● **PROBLEM TO WORK ON**: Among the entries that follow, locate the line with "PRTLisboa towel Badehandtuch" and the line with "Игорь, 31, г.Брянск Игорь, 31, г.Брянск". Output those lines and all lines in between, exactly, minus the pictures.

● **GIVEN ENTRIES**:
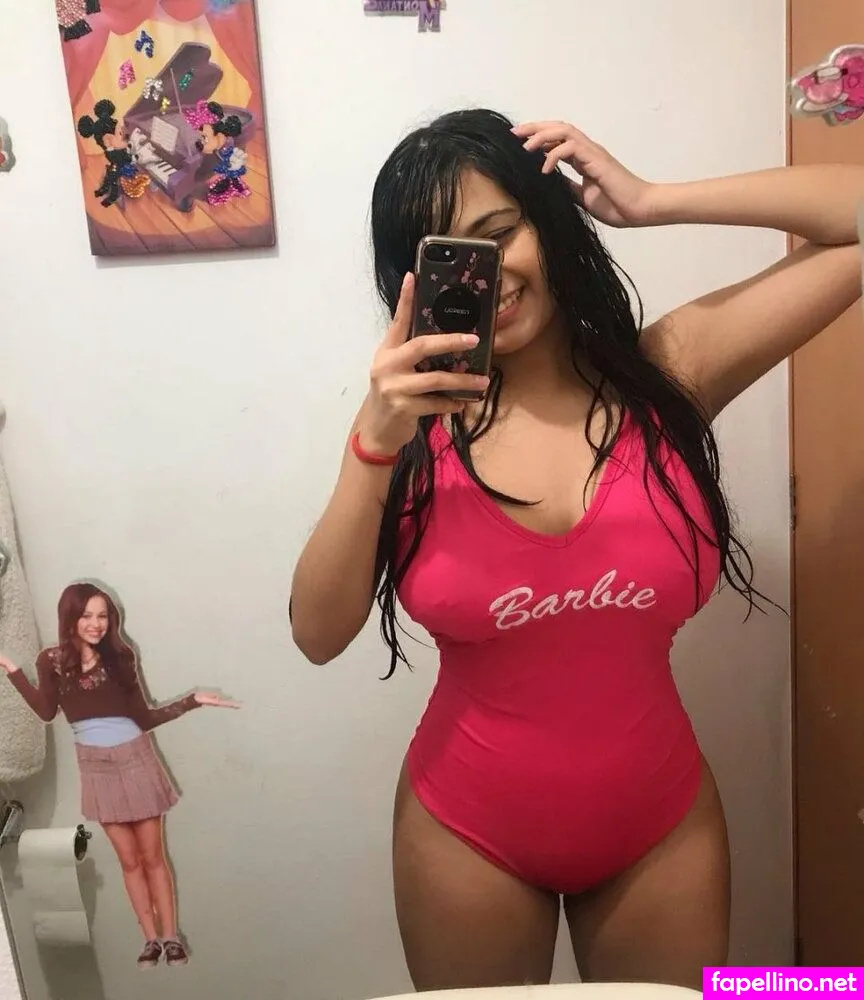 areeliferrer_, https:, u217786390 Nude Leaked OnlyFans Photo #xpDBq7asfI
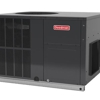 Daniel's Heating & Air gallery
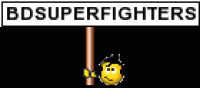 BDSUPERFIGHTERS 2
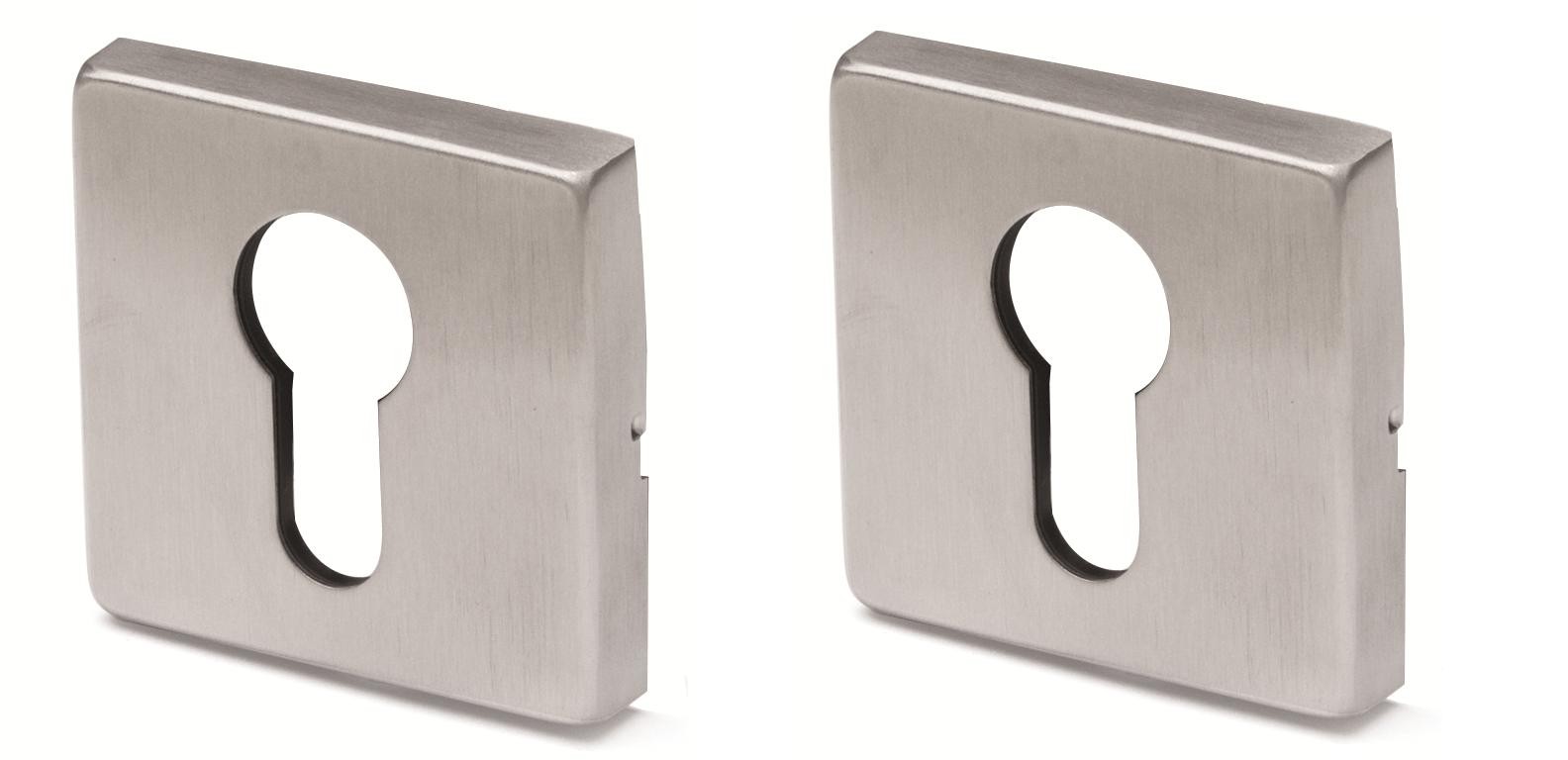 COMP.MAN.TUNDRA BOMB.CUADRA 50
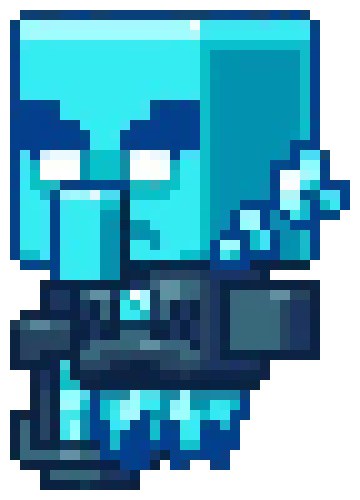 [f68dee] Illager_Bane
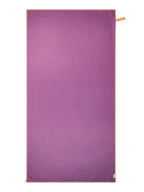 PRTLisboa towel Badehandtuch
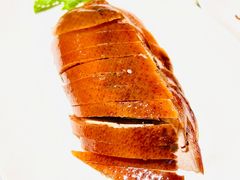 -四季民福烤鸭店(东四十条店)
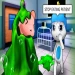 Scary Hospital MODDED! icon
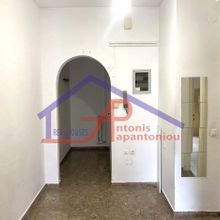 Studio/Γκαρσονιέρα για ενοικίαση - Ιωάννινα, - Φωτογραφία 3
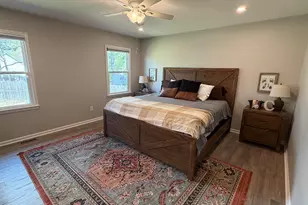 944 Rawl Rd, Lexington, SC 29072 - Photo 21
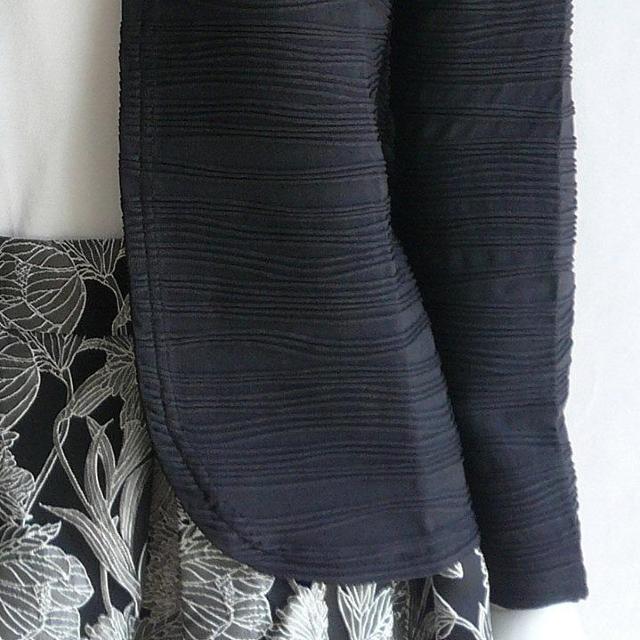 �V�i 9834 ML �E�G�[�u �v���[�c �J�[�f�B�K�� �� �t �� �H ���f�B�[�X �X�g���b�` �m�[�J���[ �W���P�b�g ��i �� �����t�@�b�V������ 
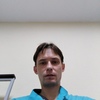 Игорь, 31, г.Брянск Игорь, 31, г.Брянск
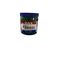 DAX BERGAMOT POMADE 213g - image 1 | Omowest Afro Intercontinental Shop | KulturCart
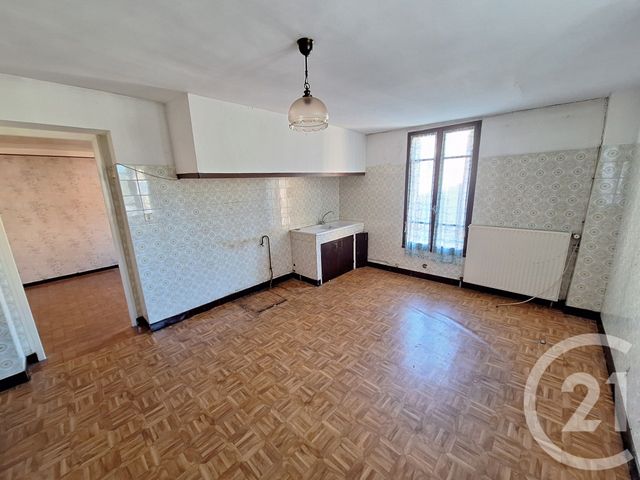 maison à vendre - 8 pièces - 153.0 m2 - MIREPOIX - 09 - MIDI-PYRENEES - Century 21 Immo Sud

● **YOUR SOLUTION**:
 PRTLisboa towel Badehandtuch
 -四季民福烤鸭店(东四十条店)
 Scary Hospital MODDED! icon
 Studio/Γκαρσονιέρα για ενοικίαση - Ιωάννινα, - Φωτογραφία 3
 944 Rawl Rd, Lexington, SC 29072 - Photo 21
 �V�i 9834 ML �E�G�[�u �v���[�c �J�[�f�B�K�� �� �t �� �H ���f�B�[�X �X�g���b�` �m�[�J���[ �W���P�b�g ��i �� �����t�@�b�V������ 
 Игорь, 31, г.Брянск Игорь, 31, г.Брянск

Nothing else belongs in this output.